A PC-based orthopedic rehabilitation system was developed for use at home, while allowing remote monitoring from the clinic. The home rehabilitation station has a Pentium II PC with a graphics accelerator, a Polhemus tracker and a multi-purpose haptic control interface. This novel interface is used to sample a patient's hand positions and to provide resistive forces using the Rutgers Master II (RMII) glove. A library of virtual rehabilitation routines was developed using WorldToolKit software. At the present time, it consists of three physical therapy exercises (DigiKey, ball and Power Putty) and two functional rehabilitation exercises (peg board and ball game).

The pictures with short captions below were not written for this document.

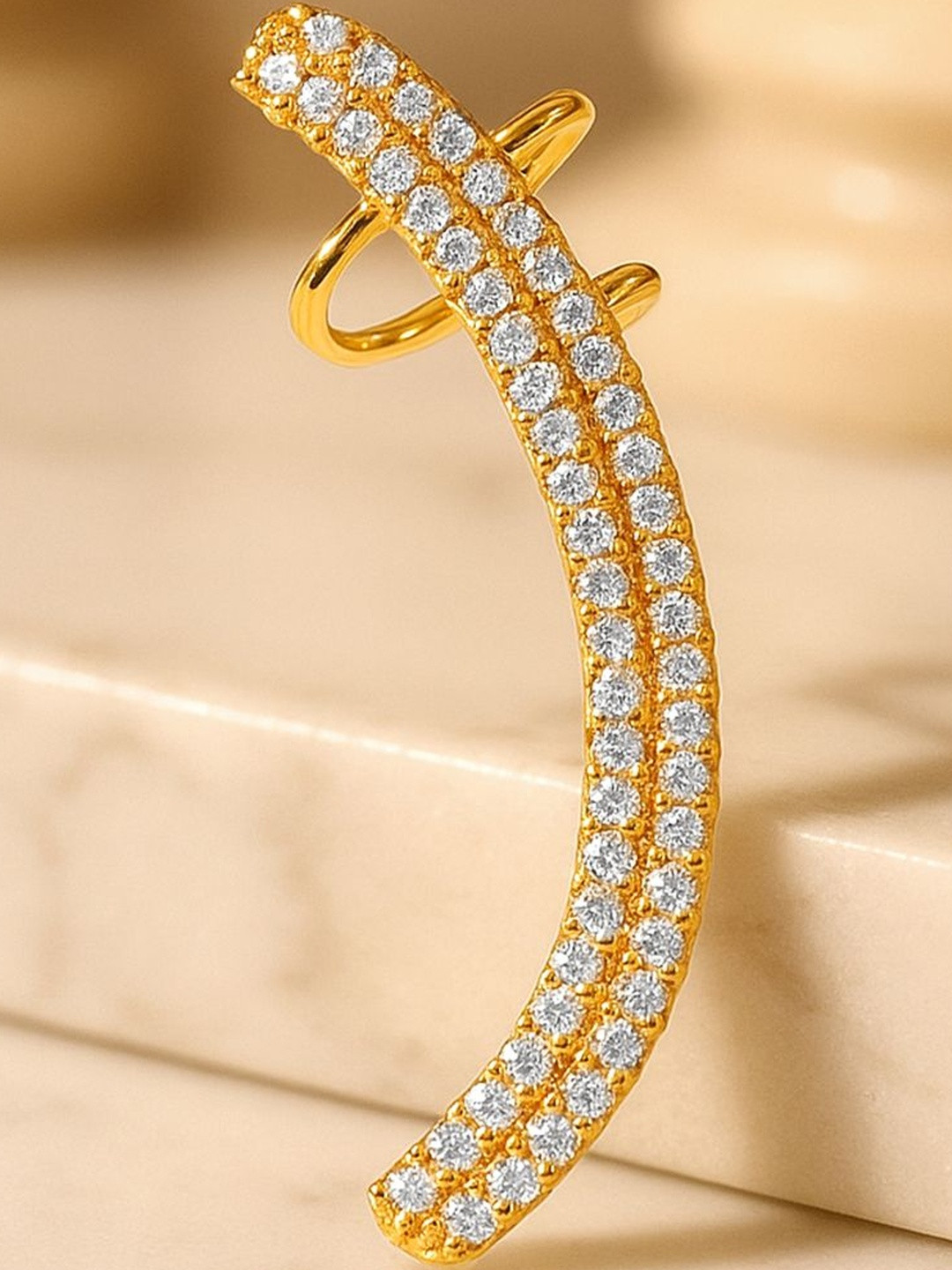 Rubans Voguish Stainless Steel 18K Gold-Plated Cubic Zirconia Tarnish-Free Ear Cuff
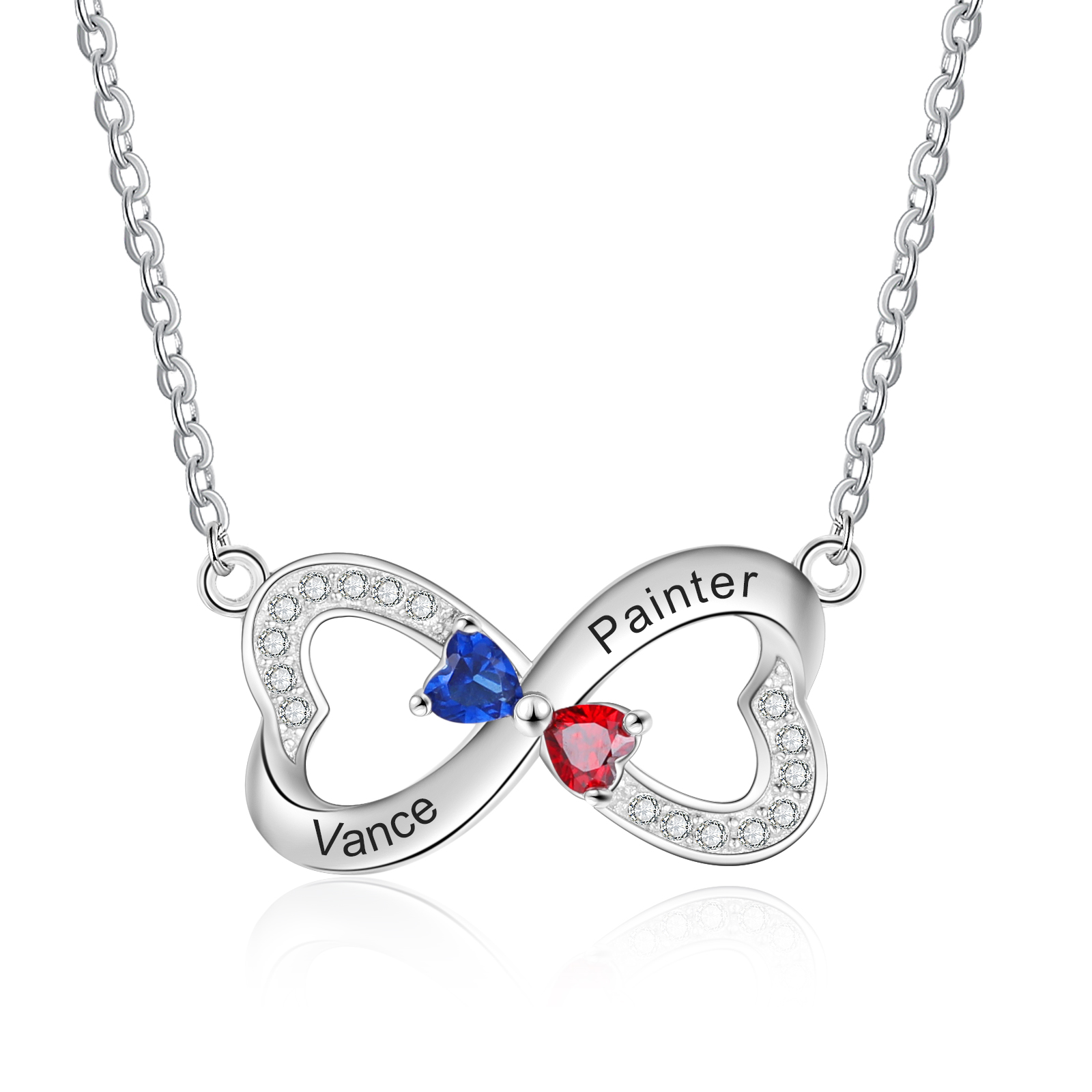 Personalised Heart Mother Necklace With 2 birthstones Engraved Names Gift For Women-Jessemade AU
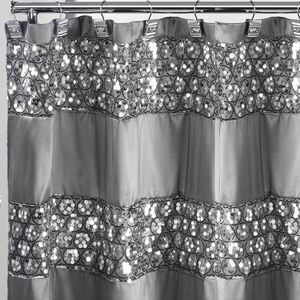 Sinatra Silver Bath Accessories Curtain - 70" W x 72" L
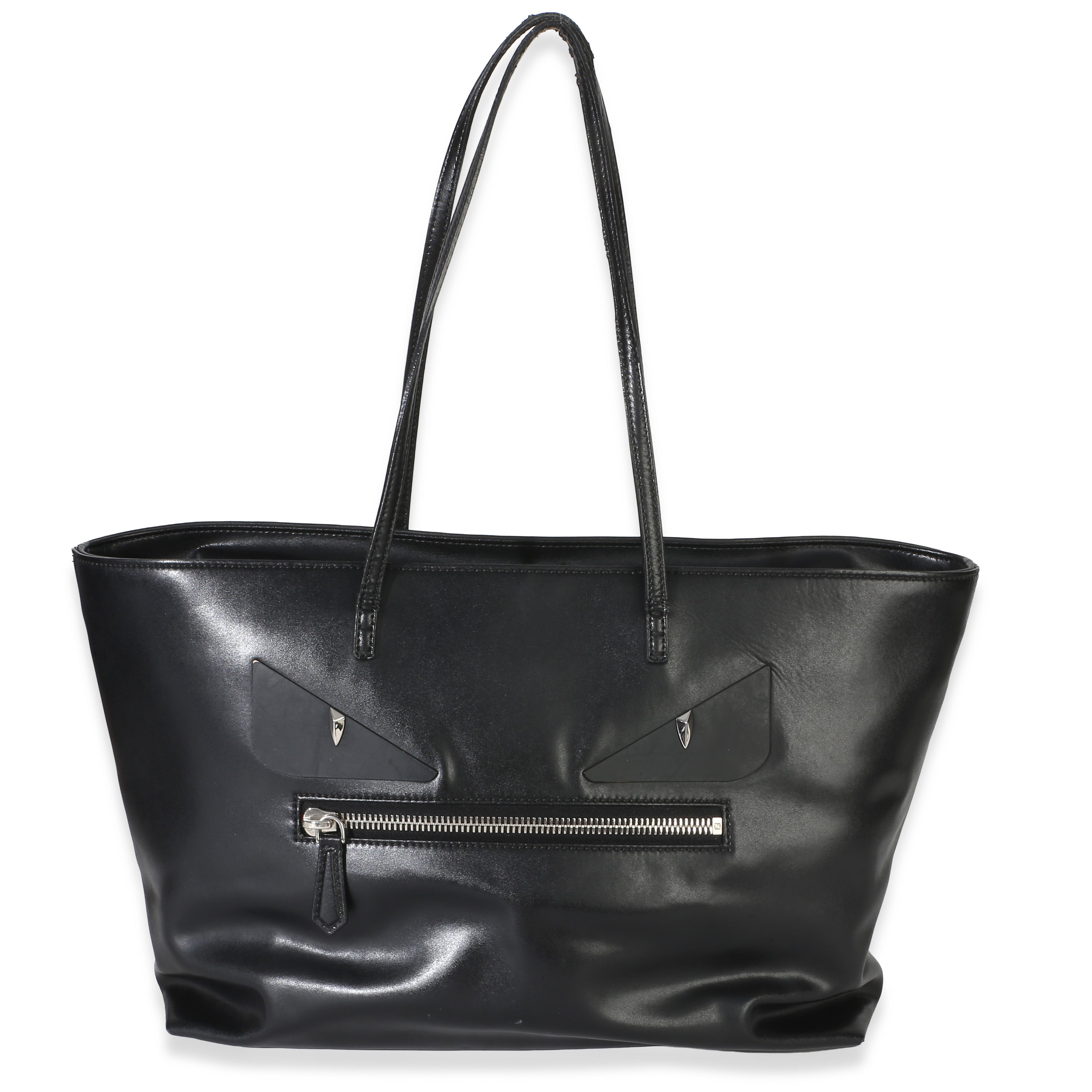 Fendi Black Vitello Monster Medium Roll Tote Handbag id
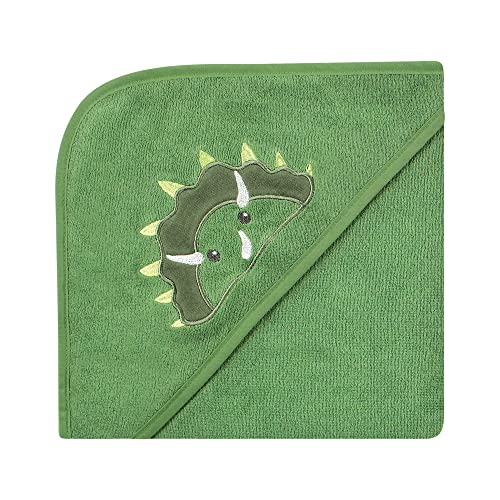 Image of Hudson Baby Unisex Baby Animal Hooded Towel 3pk and 15 Washcloths, Dinosaur, One Size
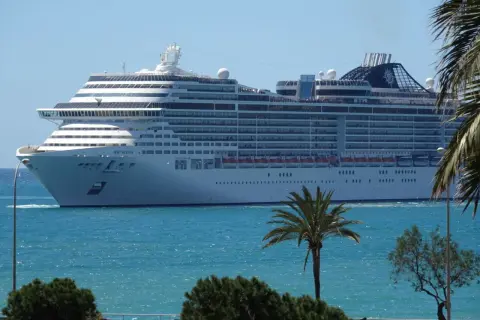 Ogromny statek wycieczkowy MSC Divina płynie po turkusowym morzu, z palmami i zielenią na pierwszym planie.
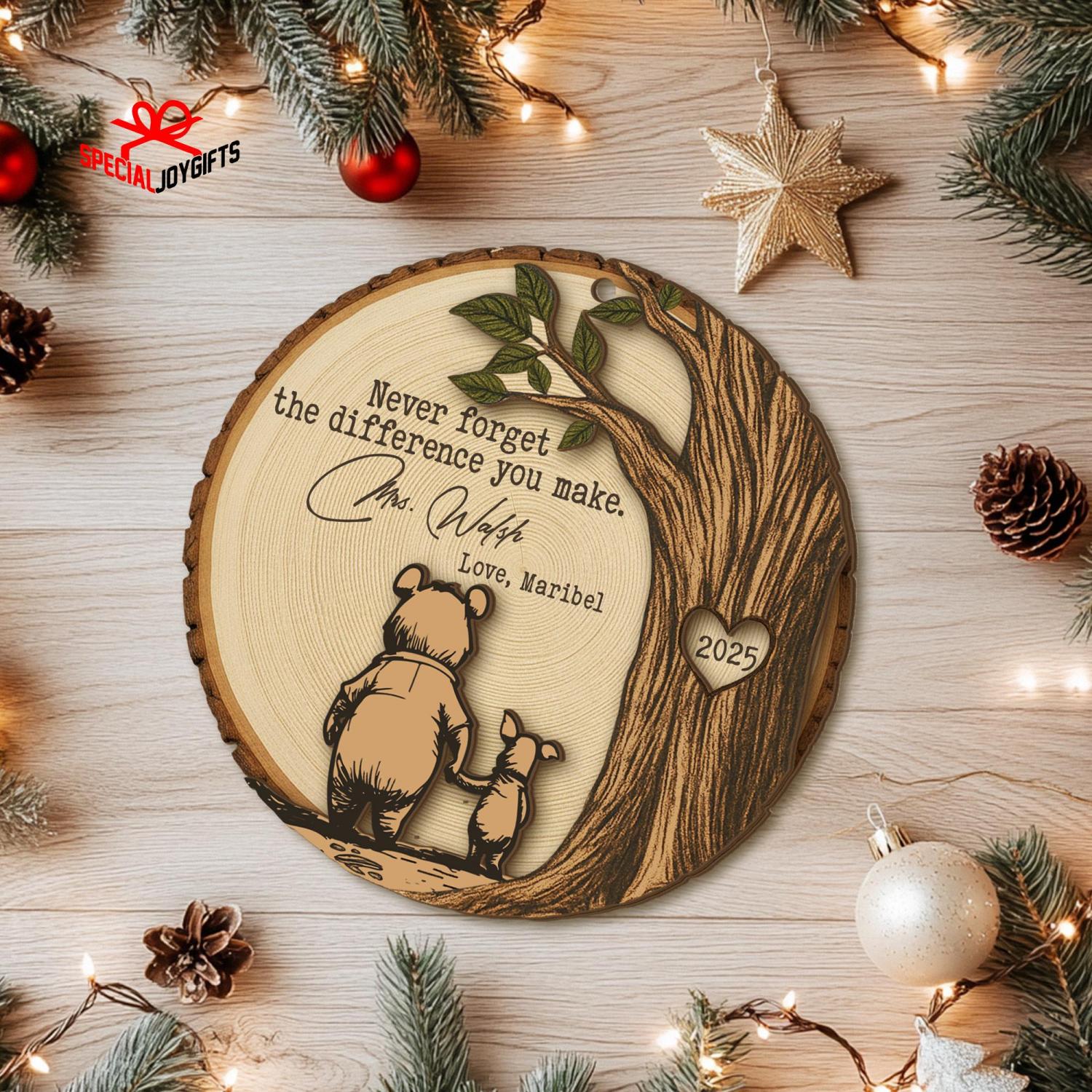 Teacher Christmas Ornament, Teacher Appreciation Gift, Never Forget the Difference You Make, Thank You Teacher, End of Year Gift for Teacher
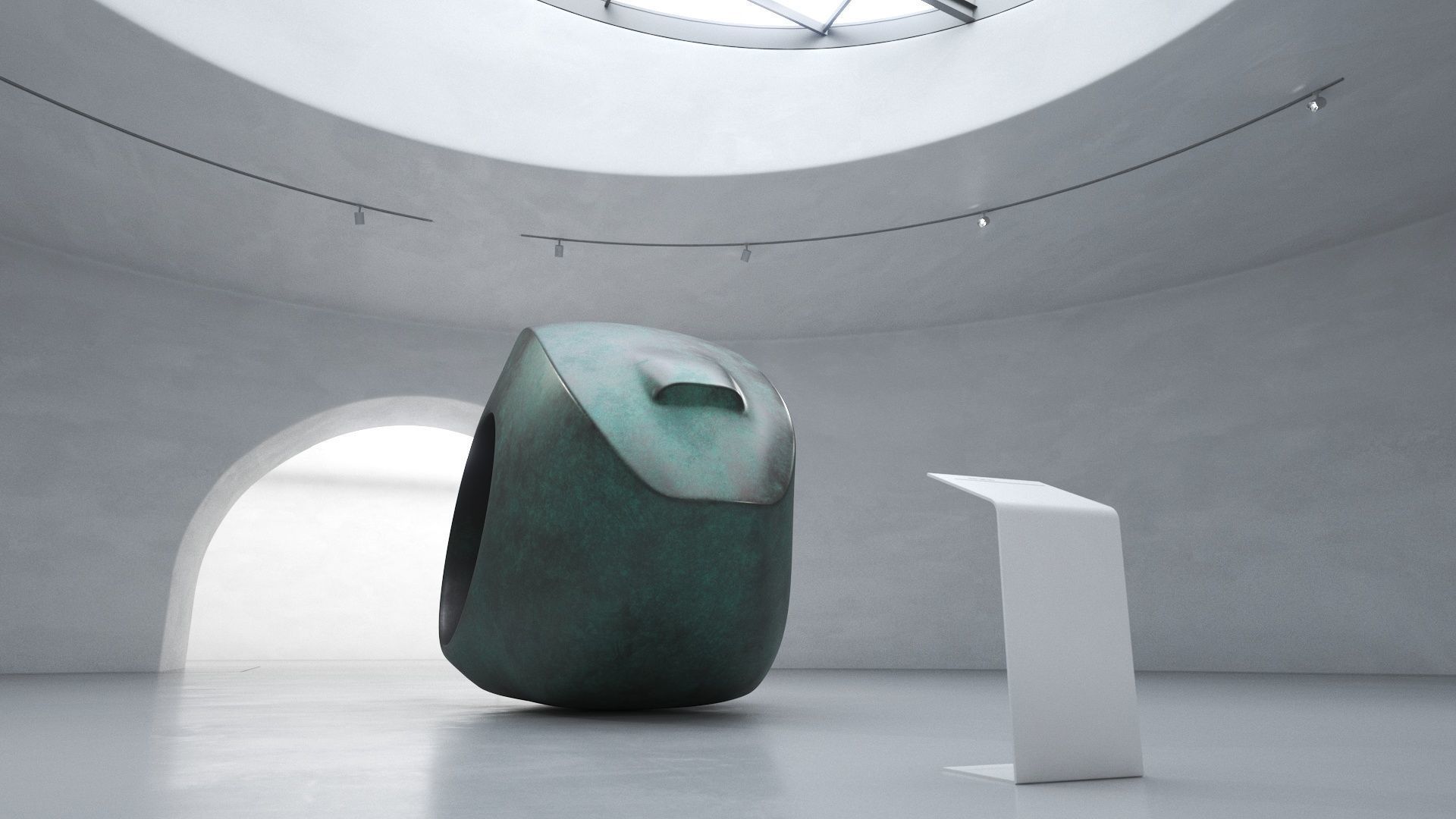 Metal Head Sculpture Low-poly 3D model_4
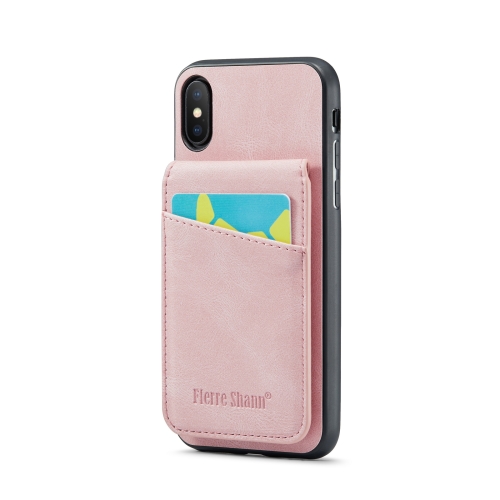 

For iPhone XR Fierre Shann Crazy Horse Card Holder Back Cover PU Phone Case(Pink)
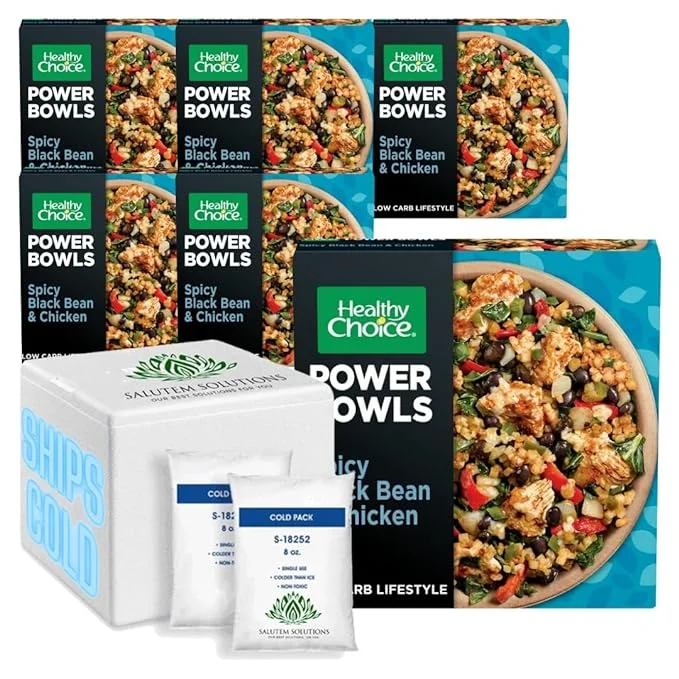 Healthy Choice Power Bowls Spicy Black Beans Chicken & Riced Cauliflower Frozen Meal with ice cold pack , 9.25 oz - Pack of 6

These virtual reality exercises allow automatic and transparent patient data collection into an Oracle database. A remote Pentium II PC is connected with the home-based PC over the Internet and an additional video conferencing connection. The remote computer runs an Oracle server to maintain the patient database, monitor progress and change the exercise level of difficulty. This allows for patient progress monitoring and repeat evaluations over time. The telerehabilitation system is undergoing clinical trials at Stanford Medical School, with progress being monitored from Rutgers University. Other haptic interfaces currently under development include devices for elbow and knee rehabilitation connected to the same system.

Published in:

IEEE Transactions on Information Technology in Biomedicine  (Volume:4 ,  Issue: 1 )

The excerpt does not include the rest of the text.